Even as the Republican candidates fight to see who can get furthest to the right, acceptance of gay people and gay marriage in the United States is moving briskly along. Gallup finds support for same-sex marriage now at 53 percent, up from 40 percent in 2008.

In February alone, a federal appeals court ruled California’s gay-marriage ban unconstitutional; Washington state legalized gay marriage; New Jersey’s Legislature passed a marriage law (vetoed, though with a caveat, by Gov. Christie); and a marriage-equality law passed the Maryland legislature and became law on Thursday.

As voters’ attitudes change, politicians are changing too. In 2008, both Barack Obama and Hillary Rodham Clinton opposed equal marriage rights. But now two governors with presidential ambitions have very visibly invested political capital in supporting gay marriage.

In New York, Gov. Andrew Cuomo took personal command of the campaign for marriage rights. He made speeches, twisted arms, calmed Catholic opposition, plotted with Republican donors, and got the credit when it passed. He was immediately hailed as a front-runner for the 2016 Democratic presidential nomination.

Not to be outdone, Maryland Gov. Martin O’Malley announced he would make marriage equality a top priority for the 2012 legislative session. After appealing to Maryland’s heritage of religious freedom and “respect for the freedom of individual conscience,” he signed the bill into law Thursday.

Republicans haven’t given up their opposition, but their resolve is weakening. A few GOP legislators helped put the issue over the top in New York, Washington, and Maryland. Former Republican national chairman Ken Mehlman and a group of libertarian-leaning GOP donors played a key role in Cuomo’s efforts in New York.

The formerly vocal opposition to gay marriage has quieted. Congressional Republicans haven’t revived the Federal Marriage Amendment. Conservative media stalwarts like Rush Limbaugh and Bill Buckley’s National Review have barely mentioned the issue. (When you search for gay marriage at National Review Online, you get lots of ads for things like “Gay Destination Weddings.”) The ambitious Christie vetoed his state’s bill while also calling for a referendum on gay marriage rather than flatly rejecting the idea. He also has nominated an openly gay judge to the state Supreme Court.

Even Rick Santorum, who has been stridently antigay throughout his career, muted his remarks when he led a rally to repeal the Washington state law. “There are legitimate reasons that people have to want… to change the law,” he said. “And there are legitimate reasons that people have to want to keep the law in place… There are ebbs and flows in every battle.”
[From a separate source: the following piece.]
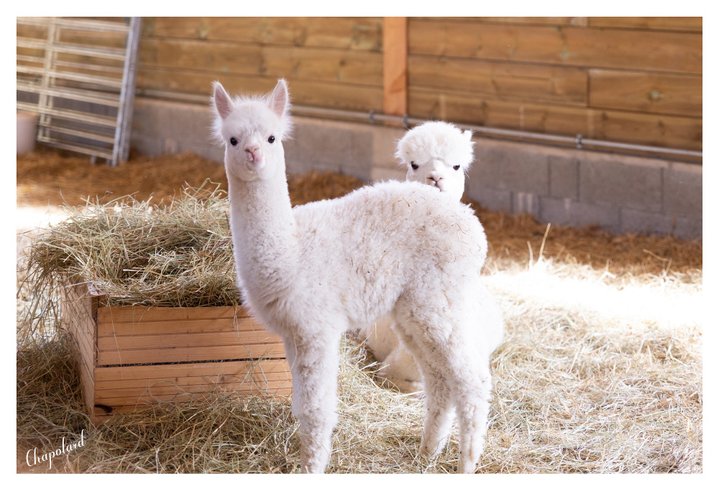 Domaine AbracadaRoom : Domaine Roccas - Image 4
Republican leaders know that opposition to same-sex marriage is strong in their base right now but that young voters support marriage equality overwhelmingly. They don’t want to lose a whole generation.

Just two decades ago most Americans said they didn’t know anyone who was gay. Now only 22 percent say that — a remarkable level of change. Acceptance and visibility rise in tandem.

The shift in mores has been even more pronounced in commerce. One telling episode is J.C. Penney Co.‘s hiring of openly gay talk-show host Ellen DeGeneres as a spokeswoman. Penney’s demographic is Southern and Midwestern middle-class moms. A small band of social conservatives went ballistic. The “One Million Moms” project of the American Family Association called for a boycott, but no mainstream conservatives seemed to notice.

As Bill O’Reilly noted, the One Million Moms couldn’t produce a single one to go on his popular Fox News Channel show. He did find a defender to appear in their stead, and he and conservative media critic Bernard Goldberg proceeded to denounce McCarthyism, blacklisting, “witch-hunts,” and “a strain of bigotry running through conservative America.”

Other corporations have been even more outspoken. New York Times columnist Frank Bruni writes that several large corporations, including Starbucks, Microsoft, and Amazon, backed gay marriage in Washington state. Bruni points out: “More so than politicians, corporations play the long game, trying to engender loyalty for decades to come, and they’re famously fixated on consumers in their 20s and 30s. They see support for same-sex marriage as a winner, something that will help with employee recruitment as well.”

If the federal court decision holds up in California and gay marriage is restored there, then almost a quarter of Americans will live in states with marriage equality.

That sound you don’t hear — the absence of outrage over marriage rights, and gay spokespeople for middle-American companies — is the sound of social change.